Na quarta-feira passada,
31 de outubro, fui comemorar com familiares os oitenta anos do meu pai.
Embora eu não tenha testemunhado praticamente a metada de sua vida - quando eu
nasci ele tinha 37 anos - sei que foram anos de muitas dificuldades: família de
poucos recursos financeiros e muitos filhos (mais de 10), com uma mãe
especializada nos cuidados maternos e um pai muito habilidoso nos números e nas
palavras - orgulhosamente, foi um dos pioneiros no jornalismo alagoano -, mas
que precisava trabalhar os três horários para sustentar a casa. Sendo o mais
velho dos homens, a responsabilidade com as necessidades do lar foram
precocemente assumidas pelo meu velho, que transbordava de disposição e
compromisso familiar. Num ambiente com fartura de informações, entusiasmou-se
progressivamente pelas leituras diversas, culminando nas graduações de Filosofia
e Direito. Nos últimos quarenta anos os desafios e obstáculos continuaram, com
significativas perdas (emocionais) e alguns ganhos, mas ele sempre enfrentando
com um imenso senso de honestidade e responsabilidade - suas principais
características. Sem falar da admirável e inquietante inclinação pelas coisas
simples e naturais, e do desapego a ideologias e modismos.
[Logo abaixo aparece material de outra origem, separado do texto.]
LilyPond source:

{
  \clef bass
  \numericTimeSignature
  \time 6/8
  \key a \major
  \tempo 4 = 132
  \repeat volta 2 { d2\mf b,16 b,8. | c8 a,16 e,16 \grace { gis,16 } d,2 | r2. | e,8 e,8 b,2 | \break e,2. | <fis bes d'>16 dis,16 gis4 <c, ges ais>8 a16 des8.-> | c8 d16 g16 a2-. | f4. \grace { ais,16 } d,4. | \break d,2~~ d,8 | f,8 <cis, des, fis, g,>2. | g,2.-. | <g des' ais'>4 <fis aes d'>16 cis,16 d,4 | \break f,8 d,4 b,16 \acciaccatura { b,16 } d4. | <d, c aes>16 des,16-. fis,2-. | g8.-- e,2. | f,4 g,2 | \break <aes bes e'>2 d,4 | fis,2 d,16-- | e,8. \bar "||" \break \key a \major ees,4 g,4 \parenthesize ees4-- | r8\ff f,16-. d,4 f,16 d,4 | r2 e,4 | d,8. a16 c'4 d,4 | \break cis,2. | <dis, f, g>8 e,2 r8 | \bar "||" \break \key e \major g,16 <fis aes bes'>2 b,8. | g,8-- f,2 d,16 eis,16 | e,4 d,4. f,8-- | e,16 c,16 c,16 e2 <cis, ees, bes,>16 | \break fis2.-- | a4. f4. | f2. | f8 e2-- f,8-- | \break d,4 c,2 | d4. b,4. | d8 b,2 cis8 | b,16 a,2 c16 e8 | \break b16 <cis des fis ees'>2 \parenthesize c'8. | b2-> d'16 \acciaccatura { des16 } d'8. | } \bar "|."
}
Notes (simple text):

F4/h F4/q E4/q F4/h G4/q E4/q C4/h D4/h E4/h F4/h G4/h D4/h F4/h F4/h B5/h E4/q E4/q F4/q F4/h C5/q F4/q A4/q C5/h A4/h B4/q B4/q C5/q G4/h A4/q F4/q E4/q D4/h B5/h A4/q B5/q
Tirando as peculiaridades e outras
limitações pessoais, a história de meu pai é semelhante à de muitos pacientes
idosos por mim atendidos: um início de vida com muitas restrições, em famílias
numerosas e geralmente pobres, longos momentos
de sofrimento, participação precoce nos serviços de casa, forte espírito de
coletividade entre os familiares, a honestidade como vaidade e o sucesso obtido
de forma lenta e gradual. Entretanto, num outro grupo de pacientes, tenho
escutado o relato de experiências familiares bem diferentes: lares com poucas
crianças, com a geladeira e armários abarrotados de alimentos, parentes e
funcionários geralmente tentanto satisfazer imediatamente a maioria dos desejos
dos menores, um esforço acentuado para manter o filho alegre e impedir o seu
sofrimento, pouca (ou nenhuma) colaboração das crianças e adolescentes
nas atividades caseiras, a colocação da inteligência e da competitividade como
objetivos maiores na formação da prole, e o ato de comprar adquirindo status de
principal fonte de prazer.
Pelo que percebo - e dizem
os especialistas - as significativas mudanças econômicas ocorridas nas últimas
décadas no país vêm, gradativamente, modificando o nosso comportamento.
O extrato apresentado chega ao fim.